> **Exercise aim**:
With the pictures set aside, write out all of the data exactly as it stands.

> **Available data**:
*** Begin section ***
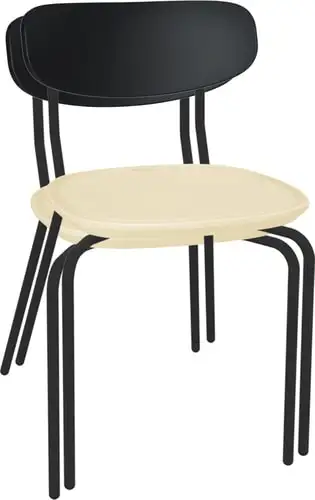 Стул Sheffilton SHT-S85М-2 (черный/бежевый/черный муар) – изображение в каталоге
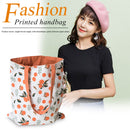 Ladies Double-sided Tote Bag Handbag Large Capacity Fruit Printing Shopping Bag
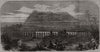 Algeciras, with a distant view of Gibraltar. Spain 1859 old antique print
*** End section ***
> **Answer for this exercise**:
 Стул Sheffilton SHT-S85М-2 (черный/бежевый/черный муар) – изображение в каталоге
 Ladies Double-sided Tote Bag Handbag Large Capacity Fruit Printing Shopping Bag
 Algeciras, with a distant view of Gibraltar. Spain 1859 old antique print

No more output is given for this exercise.